Hamburg im Juli (I)

CDU-Jurist bombardiert Senat mit Anfragen zur Inneren Sicherheit. Justizbehörde sieht sich dadurch bestätigt  ■ Von Peter Ahrens

Der Harburger CDU-Bürgerschaftsabgeordnete Carsten Lüdemann ist nicht nur ein schneidiger Jurist, sondern auch ein eifriger Zeitungsleser. Im April hat er im Abendblatt 41 Berichte über Straftaten gefunden. Daraus lässt sich doch politisches Kapital geschlagen, hat sich Lüdemann gedacht und Pressebericht für Pressebericht für je eine Schriftliche Anfrage an den Senat genutzt. Die 41 Anfragen hat Lüdemann gleichzeitig gestellt und „Hamburg im April (I)“ bis „Hamburg im April (41)“ betitelt. Der Senat hat das nun artig Fall für Fall beantwortet, und Lüdemann erkennt aus den vorliegenden Antworten, was er vorher schon wusste: „Das völlige Versagen der Hamburger Justiz.“ Justizbehörde und Staatsanwaltschaft haben daraufhin eilig eine eigene Pressekonferenz einberufen, in der sie feststellen, was sie vorher schon wussten: „Wir können stolz auf unsere Ermittlungen sein.“ Hamburg zweieinhalb Monate vor der Wahl.

Beispiel: Hamburg im April (20): „Am 18. April wurde in der Hamburger Presse über die Festnahme eines 17-jährigen Sprayers berichtet, der an der A 23 ein Brü-ckenfundament besprüht hatte. Ich frage den Senat: Hat die Staatsanwaltschaft Anklage erhoben Wenn nein, warum nicht?“ Und so weiter. In diesem Duktus sind alle 41 Anfragen formuliert, es geht „ganz überwiegend um Fälle zur leichten bis mittleren Kriminalität“, wie Lüdemann selbst sagt.

Dass der Senat manche Fragen mit Hinblick auf den Datenschutz und auf noch laufende Ermittlungen nicht erschöpfend beantwortet, ist für Lüdemann Beweis, dass Rot-Grün „bewusst vertuschen“ will. Nur vier der 41 Fälle, so resumiert er, habe die Justiz „so erledigt, wie wir uns das vorstellen“. Allerdings führte er auch nur fünf Fälle auf, mit denen er „explizit unzufrieden“ sei.

Die Justizbehörde attestiert Lüdemann eine „verständlicherweise einseitige“ Sichtweise und hält die eigene dagegen.

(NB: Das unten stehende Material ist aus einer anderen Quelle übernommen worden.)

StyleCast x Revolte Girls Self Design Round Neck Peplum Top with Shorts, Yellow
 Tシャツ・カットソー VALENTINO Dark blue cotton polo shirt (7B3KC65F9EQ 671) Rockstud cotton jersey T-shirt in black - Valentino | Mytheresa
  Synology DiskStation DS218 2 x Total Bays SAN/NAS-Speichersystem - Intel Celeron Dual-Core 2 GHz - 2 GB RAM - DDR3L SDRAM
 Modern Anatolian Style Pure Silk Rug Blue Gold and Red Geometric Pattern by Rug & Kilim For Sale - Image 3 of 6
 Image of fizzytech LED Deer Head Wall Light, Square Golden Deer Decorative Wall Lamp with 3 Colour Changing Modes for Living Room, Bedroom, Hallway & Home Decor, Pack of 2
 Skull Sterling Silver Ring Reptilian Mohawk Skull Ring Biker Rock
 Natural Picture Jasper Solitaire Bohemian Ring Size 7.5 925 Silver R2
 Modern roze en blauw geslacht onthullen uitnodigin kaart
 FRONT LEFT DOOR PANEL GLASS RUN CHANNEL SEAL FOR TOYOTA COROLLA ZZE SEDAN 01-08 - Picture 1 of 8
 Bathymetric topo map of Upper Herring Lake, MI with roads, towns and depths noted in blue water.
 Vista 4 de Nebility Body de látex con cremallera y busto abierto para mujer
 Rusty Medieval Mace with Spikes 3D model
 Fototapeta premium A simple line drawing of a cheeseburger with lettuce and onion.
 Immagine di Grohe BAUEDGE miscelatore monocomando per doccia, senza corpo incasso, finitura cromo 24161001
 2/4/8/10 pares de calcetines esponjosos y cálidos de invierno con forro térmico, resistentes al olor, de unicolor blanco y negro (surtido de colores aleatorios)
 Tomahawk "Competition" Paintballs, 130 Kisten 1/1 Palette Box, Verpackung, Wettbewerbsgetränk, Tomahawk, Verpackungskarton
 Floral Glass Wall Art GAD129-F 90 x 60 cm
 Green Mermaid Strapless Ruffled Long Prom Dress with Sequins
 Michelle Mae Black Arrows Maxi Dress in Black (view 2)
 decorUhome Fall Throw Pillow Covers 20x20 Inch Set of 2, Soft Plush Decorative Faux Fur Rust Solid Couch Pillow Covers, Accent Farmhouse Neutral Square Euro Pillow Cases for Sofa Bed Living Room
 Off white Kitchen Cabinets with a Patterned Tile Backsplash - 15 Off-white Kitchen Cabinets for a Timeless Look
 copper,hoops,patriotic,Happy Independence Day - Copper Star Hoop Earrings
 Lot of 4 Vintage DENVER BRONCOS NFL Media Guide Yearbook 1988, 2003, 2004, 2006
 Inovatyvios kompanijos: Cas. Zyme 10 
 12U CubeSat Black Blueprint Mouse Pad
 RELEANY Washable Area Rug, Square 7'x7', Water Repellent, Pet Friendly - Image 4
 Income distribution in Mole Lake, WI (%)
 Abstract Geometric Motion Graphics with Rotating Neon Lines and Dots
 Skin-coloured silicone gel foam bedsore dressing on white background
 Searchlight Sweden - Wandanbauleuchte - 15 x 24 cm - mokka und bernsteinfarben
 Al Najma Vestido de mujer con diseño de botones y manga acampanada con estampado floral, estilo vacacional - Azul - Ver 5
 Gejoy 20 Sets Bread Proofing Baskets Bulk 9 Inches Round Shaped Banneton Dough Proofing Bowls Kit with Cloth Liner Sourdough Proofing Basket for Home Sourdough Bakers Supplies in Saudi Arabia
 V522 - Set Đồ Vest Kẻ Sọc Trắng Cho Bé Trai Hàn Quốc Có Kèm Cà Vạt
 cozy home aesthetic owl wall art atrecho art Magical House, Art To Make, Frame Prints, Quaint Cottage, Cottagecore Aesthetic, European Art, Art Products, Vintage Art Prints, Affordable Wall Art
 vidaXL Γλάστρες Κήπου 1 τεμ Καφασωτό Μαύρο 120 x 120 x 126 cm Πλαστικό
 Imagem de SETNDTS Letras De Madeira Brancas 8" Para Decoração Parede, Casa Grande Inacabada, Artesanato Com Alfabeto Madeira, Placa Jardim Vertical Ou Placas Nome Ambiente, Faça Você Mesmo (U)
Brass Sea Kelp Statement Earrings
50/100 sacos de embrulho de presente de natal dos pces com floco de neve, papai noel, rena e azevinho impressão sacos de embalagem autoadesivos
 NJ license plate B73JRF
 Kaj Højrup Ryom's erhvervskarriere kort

Generalstaatsanwältin Angela Uhlig van Buren und der Senatsdirektor der Behörde, Michael Stallbaum, kommen bei der Deutung der 41 Antworten auf ganz andere Resultate als die CDU: „Wir haben dadurch erst richtig gemerkt, wie schnell wir ermitteln“, sagt die Generalstaatsanwältin und dankt Lüdemann „ausdrücklich für die Gelegenheit, dies herausgefunden zu haben“. An einzelnen Fällen versucht sie dann haarklein, die CDU-Vorwürfe zu entkräften. Stallbaum ergänzt, Hamburg sei nicht die Hauptstadt des Verbrechens, sondern des Strafvollzuges. Und überhaupt habe man die „Mammutaufgabe, 41 Anfragen innerhalb kürzester Zeit zu beantworten“, souverän gemeistert, die Staatsanwaltschaft habe dafür sogar ihren Betriebsausflug gestrichen.

Lüdemann behauptet, dass er den Anfragenberg auch zusammengetragen hätte, wenn nicht gerade Wahlkampf wäre. „Nicht auszuschließen, dass ich so etwas noch einmal mache.“ Er habe sich allerdings schon „kritisch“ gefragt, ob er mit der Forderung nach Beantworten seiner Anfragenreihe nicht selbst „zu einer außergewöhnlichen Belastung der Behörden beigetragen“ habe.